Saïd Mortazavi, l’ex-procureur de Téhéran, est pourtant l’un des responsables de la mort de Zahra Kazemi. Il aurait été arrêté, le 22 avril 2018, pour purger deux ans de prison ferme, accusé de complicité dans la mort de Mohsen Roholamini dans le centre de détention de Kahrizak. Ce fils d’un dignitaire du régime, arrêté le 12 juin 2009, lors des manifestations contre l’élection contestée du président Mahmoud Ahmadinejad, a été tué en prison avec deux autres détenus, après avoir subi des actes de maltraitance.
RSF rappelle que Zahra Kazemi symbolise les atteintes aux droits fondamentaux perpétrées en Iran depuis 1979 et l’arrivée au pouvoir du clergé. Une femme, journaliste, qui a eu le malheur de vouloir informer l’opinion internationale sur la triste réalité des conditions de détention de la prison d'Evin, symbole de la répression impitoyable exercée par le régime.
15 ans plus tard, la répression se poursuit
Sepideh Moradi, Avisha Jalaledin, Shima Entesari, trois journalistes-citoyennes, collaboratrices du site d’information indépendant Majzooban Nor, ont été condamnées, cette semaine, chacune à cinq ans de prison ferme pour « réunion et complot contre la sécurité nationale » par le 26e chambre du tribunal de la révolution de Téhéran. Leurs collègue Reza Entesari, Kasra Nouri, Mostafa Abdi, Saleholldin Moradi, Sina Entesari, Amir Nouri, Mohammad Sharifi Moghadam, Mohammad Reza Darvishi, Abass Dehghan et Poriya Nouri, ont refusé d’être présentes devant les tribunaux pour protester contre ces procès inéquitables. Arrêtés dans la nuit du 19 au 20 février 2018, elles avaient été brutalement tabassées par les forces de l’ordre et les milices en civil, privées de leurs droits fondamentaux, en dépit de toutes les règles et lois du pays et du droit international.

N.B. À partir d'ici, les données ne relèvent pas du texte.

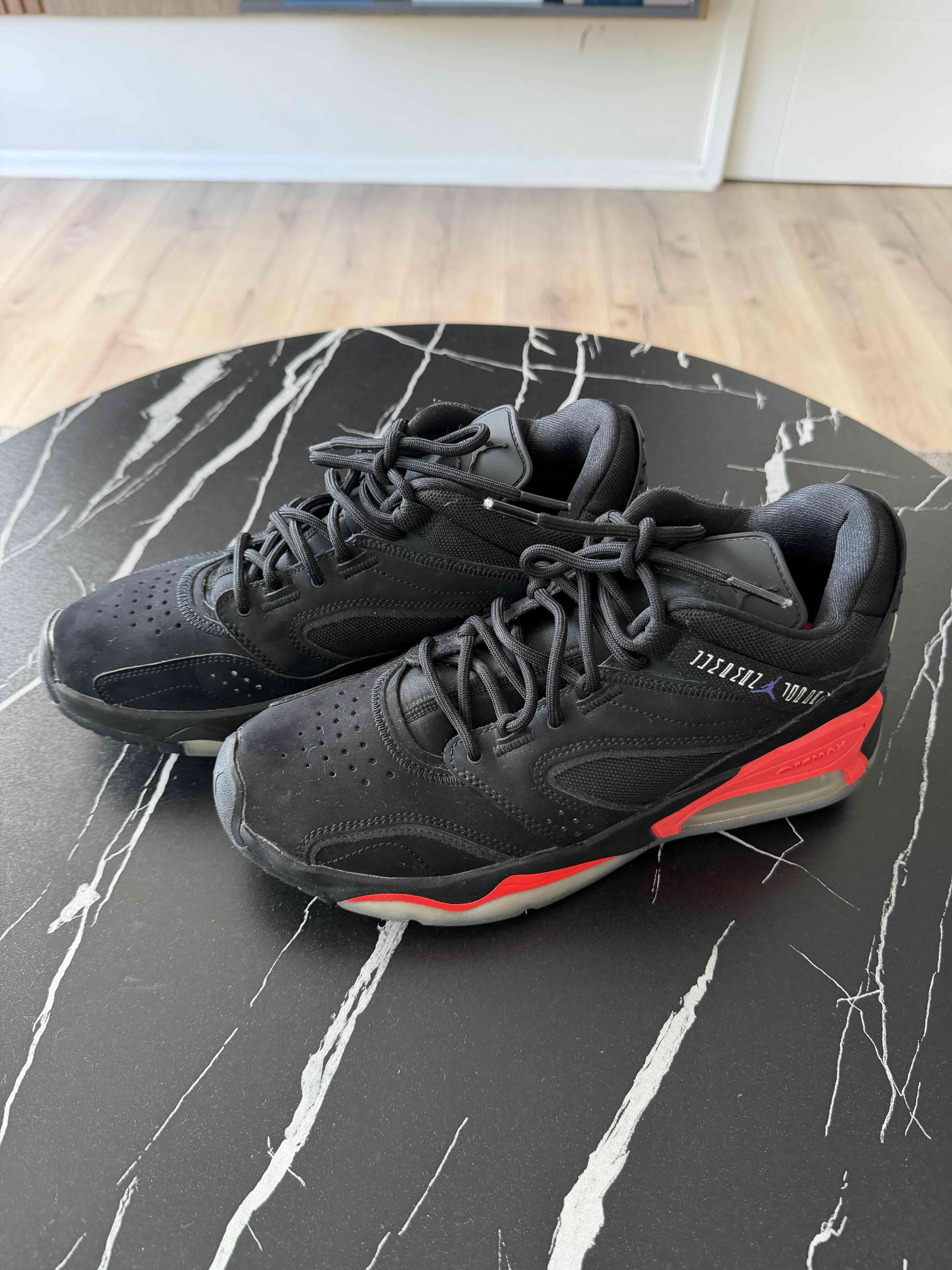 Zapatillas Nike Air Jordan Point Lane Infrarrojo - 1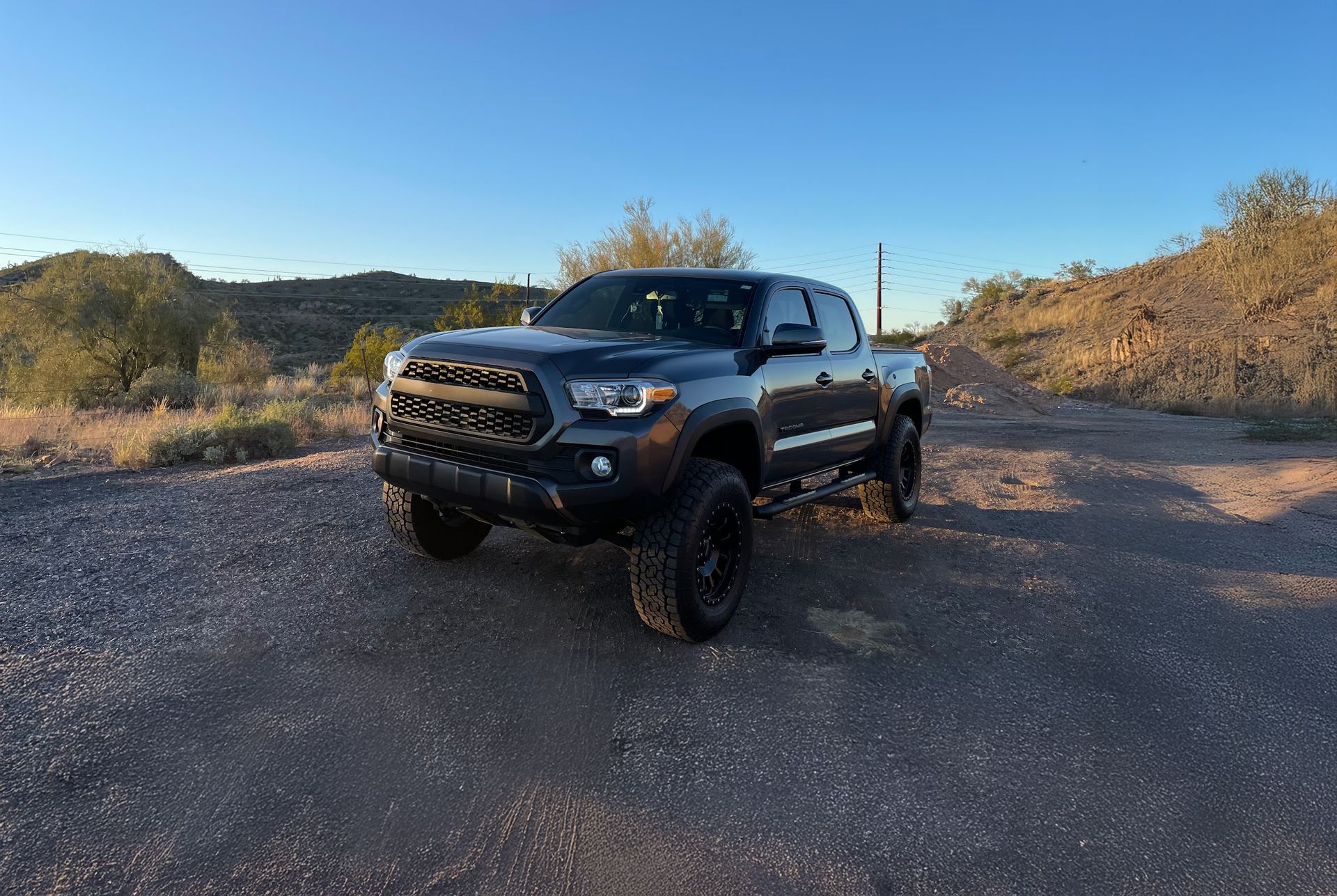 Toyota Off-Road Builds and Upgrades in Mesa, AZ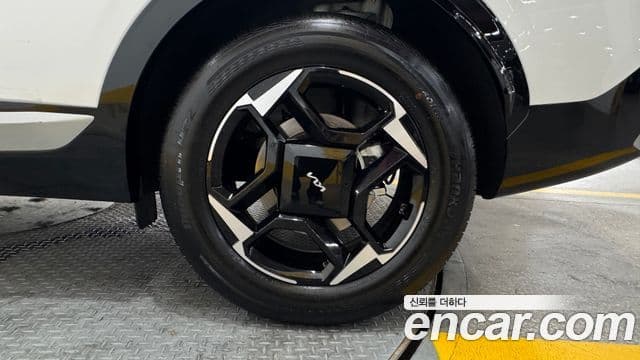 Kia Sportage 2025 — Şəkil 4/20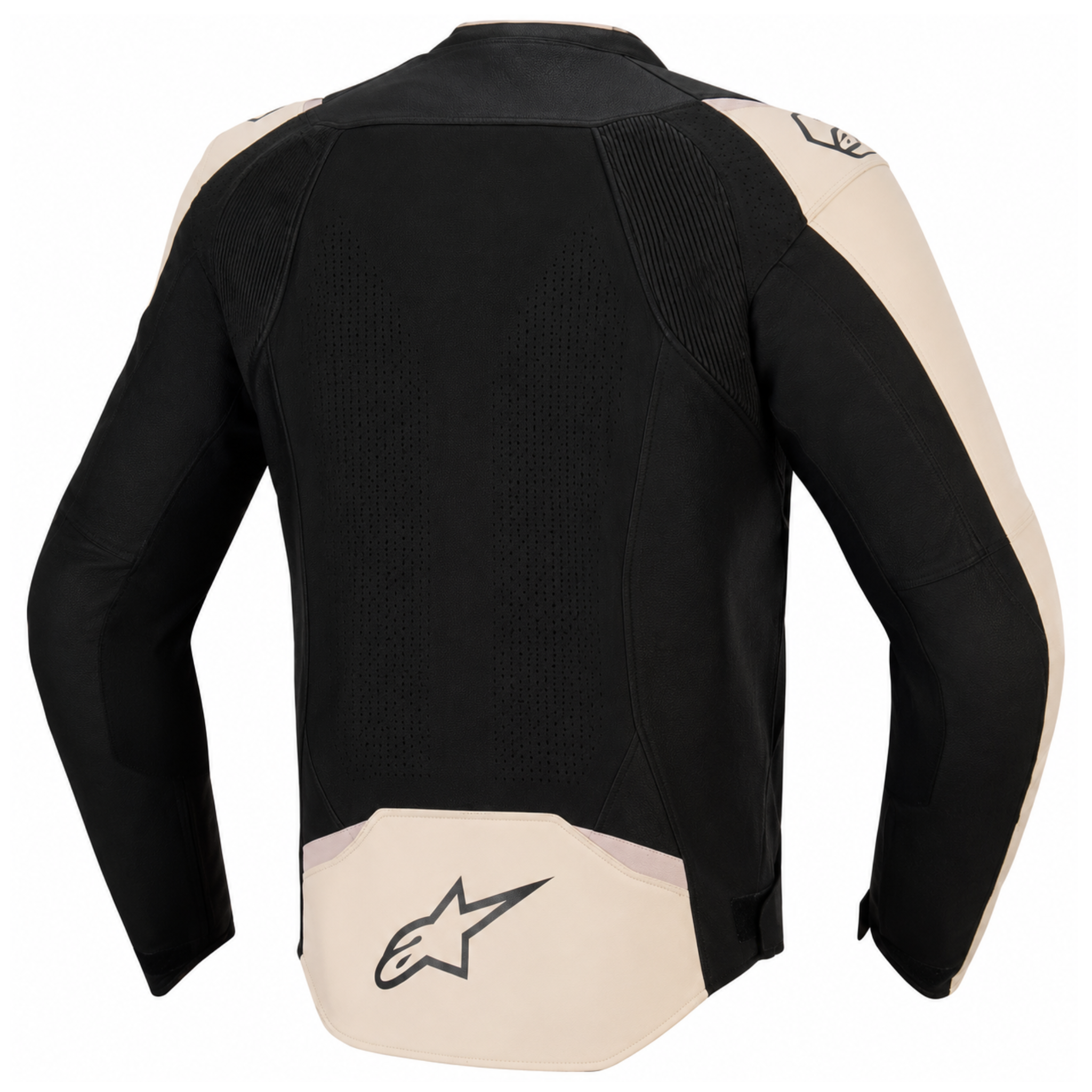 Chaqueta ALPINESTARS T-SPS Air V2 Negra Mastic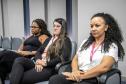 Porto de Paranaguá recebe mulheres da Cooperativa Agrária em visita técnica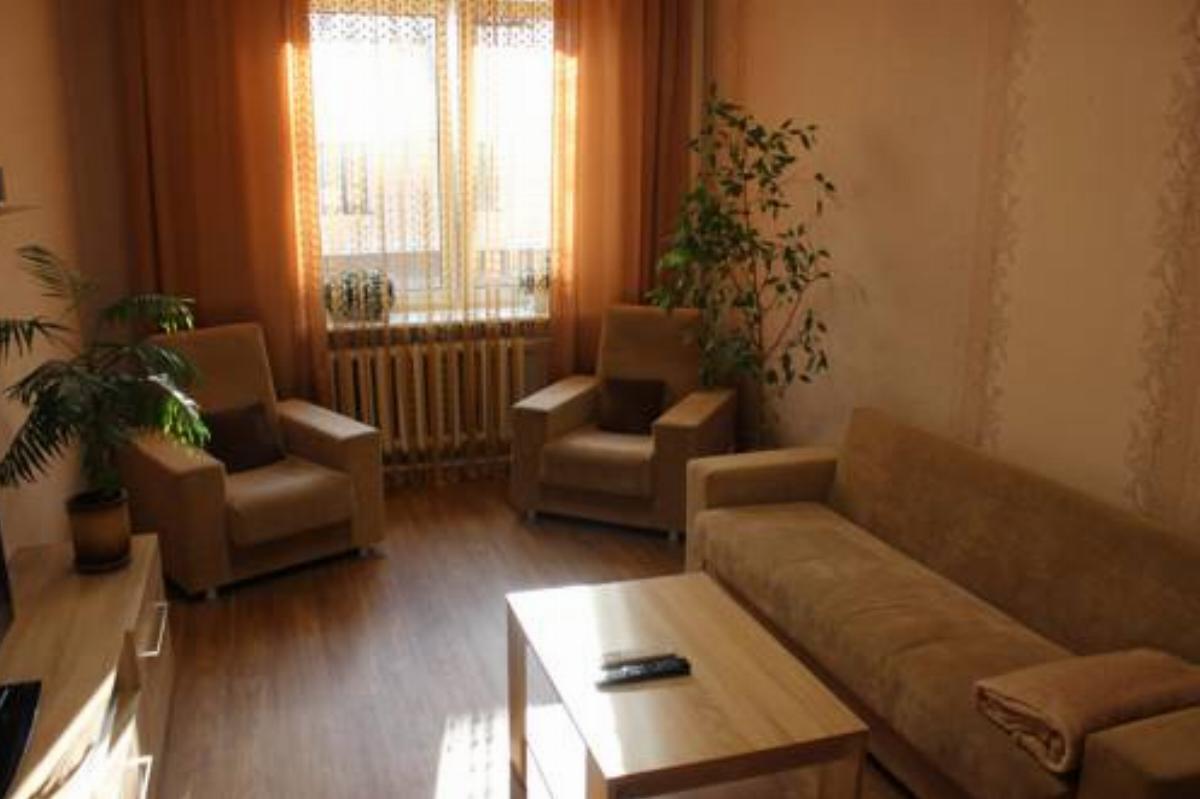 Apartment at Komsomolskaya Hotel Brest Belarus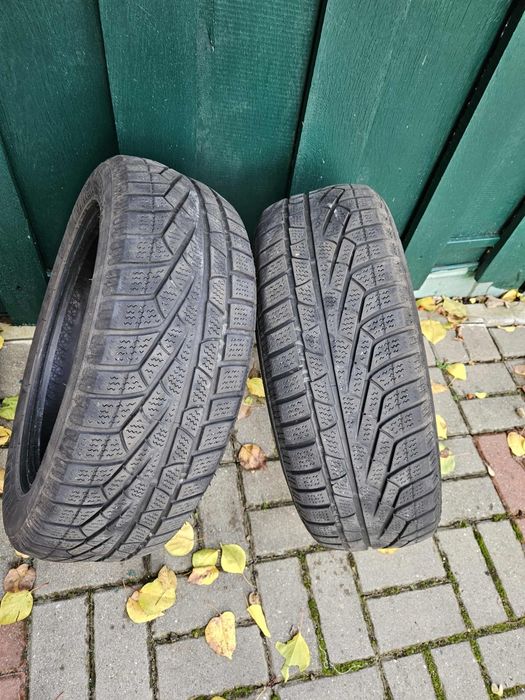 Opony zimowe Pirelli Sottozero 210 - 195/55 R16 87H M+S - 4 sztuki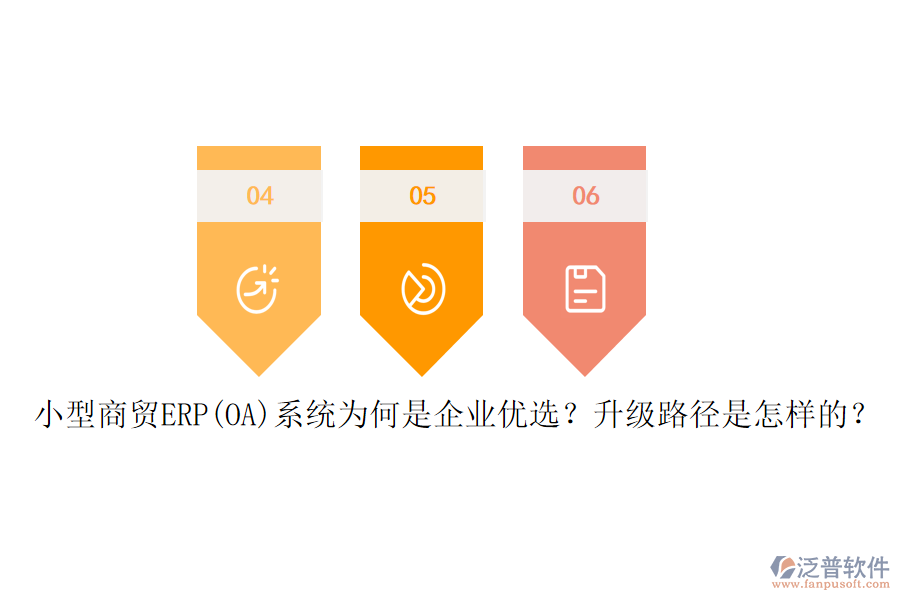 小型商貿(mào)ERP(OA)系統(tǒng)為何是企業(yè)優(yōu)選？升級(jí)路徑是怎樣的？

Outre ces trois collaboratrices de Majzooban Nor, deux autres journalistes Narges Mohammadi et Hengameh Shahidi, et la journaliste-citoyenne Roya Saberi Negad Nobakht sont emprisonnées, ce qui fait de la République islamique de l’Iran, l’une des trois plus grandes prisons du monde pour les femmes journalistes et journalistes-citoyennes avec la Turquie et la Syrie.
Les exemples d’impunité pour les crimes commis contre les journalistes en Iran sont également nombreux. On peut citer les cas d’Ebrahim Zalzadeh, Majid Charif, Mohamad Mokhtari, Mohamad Jafar Pouyandeh et Pirouz Davani, exécutés par des agents du ministère du Renseignement entre septembre et décembre 1998. La journaliste kurde de l’agence de presse Euphrate Ayfer Serçe (2006),du jeune blogueur Omidreza Mirsayafi, (2009), l’ancien journaliste pour Abrar Economie Alireza Eftekhari (2009), de Haleh Sahabi, journaliste et activiste des droits des femmes. Et plus récemment de Hoda Saber, journaliste d’Iran-e-Farda (2011) et de Sattar Beheshti (2012).
L’Iran est 164e sur 180 pays au Classement mondial de la liberté de la presse 2018 établi par Reporters sans frontières.